--- Study material Enclosed Below ---
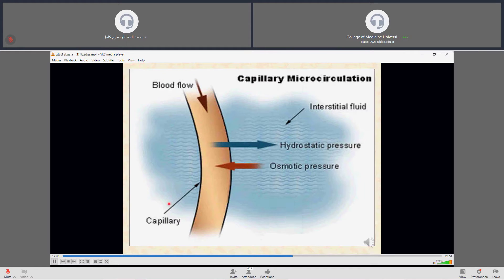Blood brings nutrients to the connective tissue and carries metabolic waste away back to the blood. There are two forces that affect water movement: hydrostatic pressure and osmotic pressure. Hydrostatic pressure of the blood forces water out across the capillary wall into the connective tissue, while osmotic pressure of the blood returns water back into the capillary.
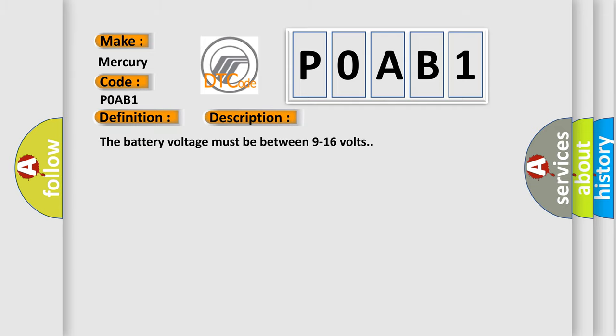The battery voltage must be between 9 to 16 volts. This diagnostic error occurs most often in these cases.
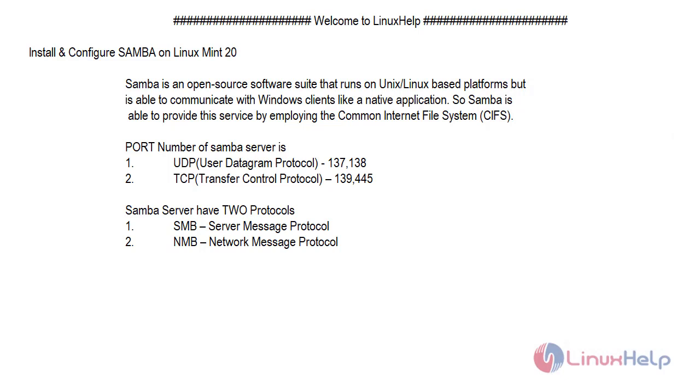Hi guys, welcome to Linux Help. Today we are going to see about how to install and configure Samba service on Linux Mint 20.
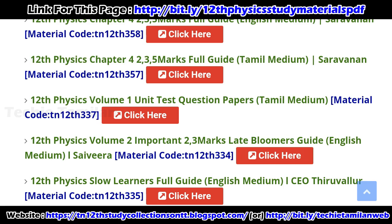You can also share the video. You will also know how to use the video. That is why you are going to study this video. We will see you in the next video.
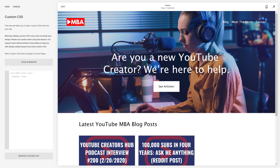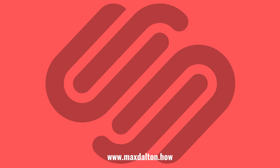Step 5. After entering the code, click Save at the top of the screen. The change will be applied automatically, and you'll no longer see tags at the bottom of your Squarespace blog post.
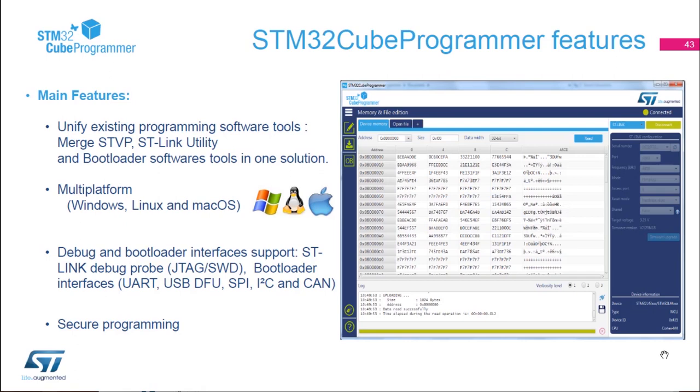It also supports the debug interface like JTAG or SWD, but also all the bootloader, the STM32 bootloader interfaces like UART, USB-DFU, SPI, I2C, and CAN. And then it also supports secure programming.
--- End of Enclosed Study material ---
Line by line, write out the material exactly, leaving the images out.

## Answer for the task
Blood brings nutrients to the connective tissue and carries metabolic waste away back to the blood. There are two forces that affect water movement: hydrostatic pressure and osmotic pressure. Hydrostatic pressure of the blood forces water out across the capillary wall into the connective tissue, while osmotic pressure of the blood returns water back into the capillary.
The battery voltage must be between 9 to 16 volts. This diagnostic error occurs most often in these cases.
Hi guys, welcome to Linux Help. Today we are going to see about how to install and configure Samba service on Linux Mint 20.
You can also share the video. You will also know how to use the video. That is why you are going to study this video. We will see you in the next video.
Step 5. After entering the code, click Save at the top of the screen. The change will be applied automatically, and you'll no longer see tags at the bottom of your Squarespace blog post.
It also supports the debug interface like JTAG or SWD, but also all the bootloader, the STM32 bootloader interfaces like UART, USB-DFU, SPI, I2C, and CAN. And then it also supports secure programming.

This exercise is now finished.